Looking in indexes: https://pypi.org/simple, https://us-python.pkg.dev/colab-wheels/public/simple/
Looking in indexes: https://pypi.org/simple, https://us-python.pkg.dev/colab-wheels/public/simple/
Looking in indexes: https://pypi.org/simple, https://us-python.pkg.dev/colab-wheels/public/simple/


In [3]:
import os
import itertools
import pandas as pd
import numpy as np
from datasets import Dataset
from datasets import load_metric
from transformers import AutoTokenizer
from transformers import AutoModelForTokenClassification, TrainingArguments, Trainer
from transformers import DataCollatorForTokenClassification
import torch
from transformers import AutoTokenizer, AutoModelForSequenceClassification

tokenizer = AutoTokenizer.from_pretrained("nlpaueb/legal-bert-base-uncased")
model = AutoModelForSequenceClassification.from_pretrained("nlpaueb/legal-bert-base-uncased", num_labels=15) # num_labels = 14 + 1


Some weights of the model checkpoint at nlpaueb/legal-bert-base-uncased were not used when initializing BertForSequenceClassification: ['cls.predictions.decoder.bias', 'cls.predictions.decoder.weight', 'cls.predictions.transform.LayerNorm.weight', 'cls.seq_relationship.bias', 'cls.predictions.transform.dense.weight', 'cls.predictions.bias', 'cls.seq_relationship.weight', 'cls.predictions.transform.dense.bias', 'cls.predictions.transform.LayerNorm.bias']
- This IS expected if you are initializing BertForSequenceClassification from the checkpoint of a model trained on another task or with another architecture (e.g. initializing a BertForSequenceClassification model from a BertForPreTraining model).
- This IS NOT expected if you are initializing BertForSequenceClassification from the checkpoint of a model that you expect to be exactly identical (initializing a BertForSequenceClassification model from a BertForSequenceClassification model).
Some weights of BertForSequenceClassification wer

In [4]:
import pandas as pd
from google.colab import drive
drive.mount('/content/drive')
%cd /content/drive/My Drive/Colab Notebooks/
import json

# from datasets import load_dataset, concatenate_datasets, Features, Value, ClassLabel, Sequence
# dataset = load_dataset('json', data_files='NER_JUDGEMENT_WikiAnn_Format.json')

import pandas as pd
train_df_judgement = pd.read_json('NER_TRAIN_JUDGEMENT_PREPROCESSED.json')
train_df_preamble = pd.read_json('NER_TRAIN_PREAMBLE_PREPROCESSED.json')

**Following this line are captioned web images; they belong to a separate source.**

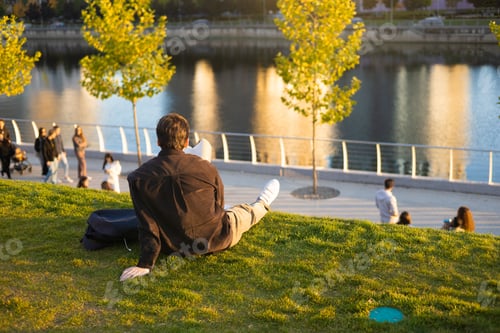 Preview: People Relax in Public Park with Lake and Green Trees with Skyscrapers Buildings in the City on Back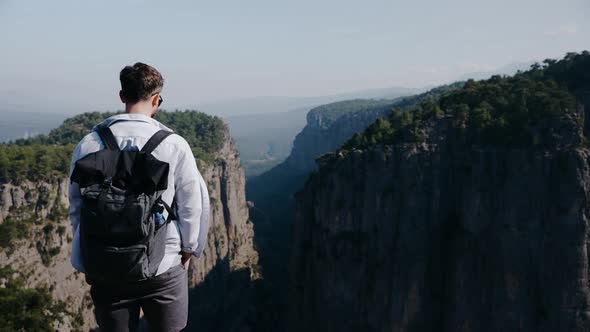 A Traveler Guy with a Backpack Stands on a Cliff Overlooking the Canyon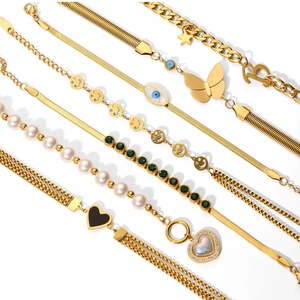 Detail of gold-plated chain bracelets featuring pearls, evil eye, and heart charms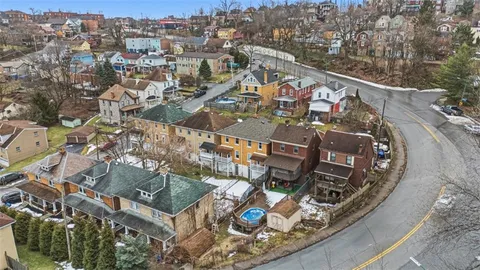 an aerial view of a chairs and table on the balcony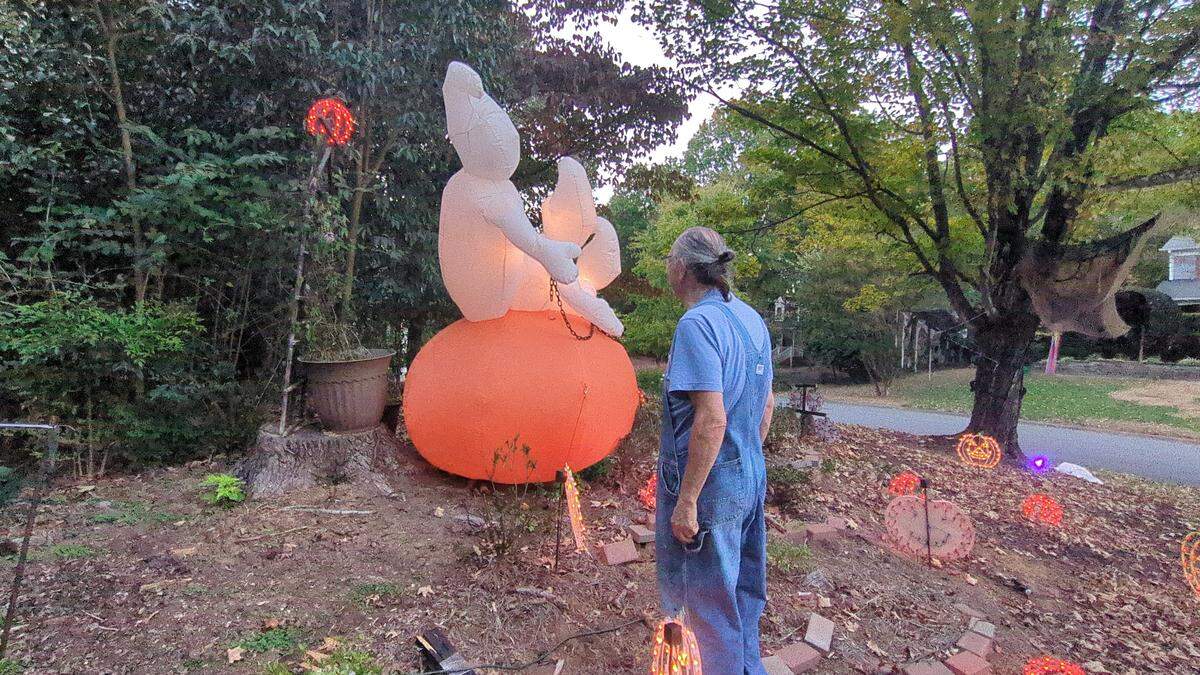 A wide shot of a man in denim overalls standing in a yard and looking at a large, illuminated, inflatable Halloween decoration. The decoration features a white ghost sitting on top of a large orange pumpkin. The yard, pictured at dusk, is also decorated with smaller, light-up pumpkins and is surrounded by trees.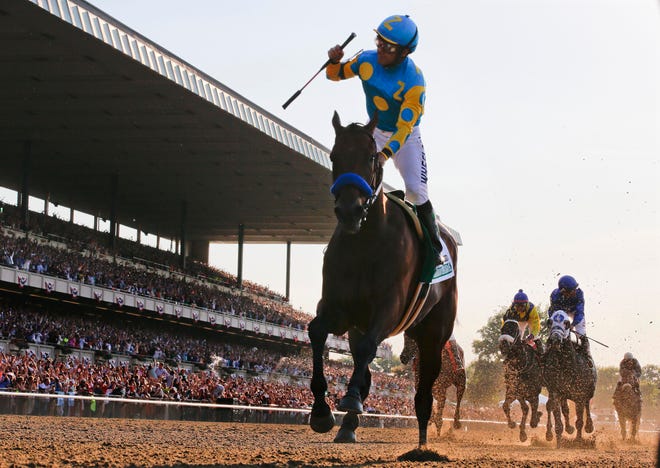 Victor Espinoza reacts after crossing the finish line with American Pharoah to win the Belmont Stakes in Elmont on June 6. American Pharoahís sweep of the Kentucky Derby, Preakness and Belmont Stakes for horse racing's first Triple Crown since 1978 and was selected the sports story of the year Thursday by the Associated Press. Associated Press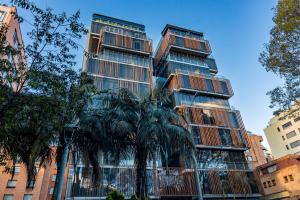 ein hohes Gebäude mit Palmen davor in der Unterkunft GHL Hotel Bioxury in Bogotá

test_df_judgement = pd.read_json('NER_DEV_JUDGEMENT_PREPROCESSED.json')
test_df_preamble = pd.read_json('NER_DEV_PREAMBLE_PREPROCESSED.json')


Drive already mounted at /content/drive; to attempt to forcibly remount, call drive.mount("/content/drive", force_remount=True).
/content/drive/My Drive/Colab Notebooks


In [5]:
df = pd.concat([train_df_judgement, train_df_preamble])
test_df = pd.concat([test_df_judgement, test_df_preamble])

In [6]:
train_dataset = Dataset.from_pandas(df)
test_dataset = Dataset.from_pandas(test_df)

In [7]:
labels_list = ["COURT", "PETITIONER", "RESPONDENT", "JUDGE", "LAWYER", "DATE", "ORG", "GPE", "STATUTE", "PROVISION", "PRECEDENT", "CASE_NUMBER", "WITNESS", "OTHER_PERSON", "OTHERS"]
label_encoding_dict = {0: 0, 1: 1, 2: 2, 3: 3, 4: 4, 5: 5, 6: 6, 7: 7, 8: 8, 9: 9, 10: 10, 11: 11, 12: 12, 13: 13, 14: 14}
label_list_encoding_dict = {0: "OTHERS", 1: "PETITIONER", 2: "COURT", 3: "RESPONDENT", 4: "JUDGE", 5: "OTHER_PERSON", 6: "LAWYER", 7: "DATE", 8: "ORG", 9: "GPE", 10: "STATUTE", 11: "PROVISION", 12: "PRECEDENT", 13: "CASE_NUMBER", 14: "WITNESS"}

In [8]:
batch_size = 10

def tokenize_all_labels(rows):
    label_all = True
    tokenized_inputs = tokenizer(list(rows["tokens"]), truncation = True, is_split_into_words = True)
    labels = []
    for index, label in enumerate(rows["ner_tags"]):
        # print(i, label)
        previous_word_idx = None
        word_ids = tokenized_inputs.word_ids(batch_index = index)
        
        label_ids = []
        for word_idx in word_ids:
            if word_idx is None: label_ids.append(-100)
            elif label[word_idx] == '0': label_ids.append(0)
            elif word_idx != previous_word_idx: label_ids.append(label_encoding_dict[label[word_idx]])
            else: label_ids.append(label_encoding_dict[label[word_idx]] if label_all else -100)
            previous_word_idx = word_idx
        labels.append(label_ids)
        
    tokenized_inputs["labels"] = labels
    return tokenized_inputs


train_dataset_tokenized = train_dataset.map(tokenize_all_labels, batched=True)
test_dataset_tokenized = test_dataset.map(tokenize_all_labels, batched=True)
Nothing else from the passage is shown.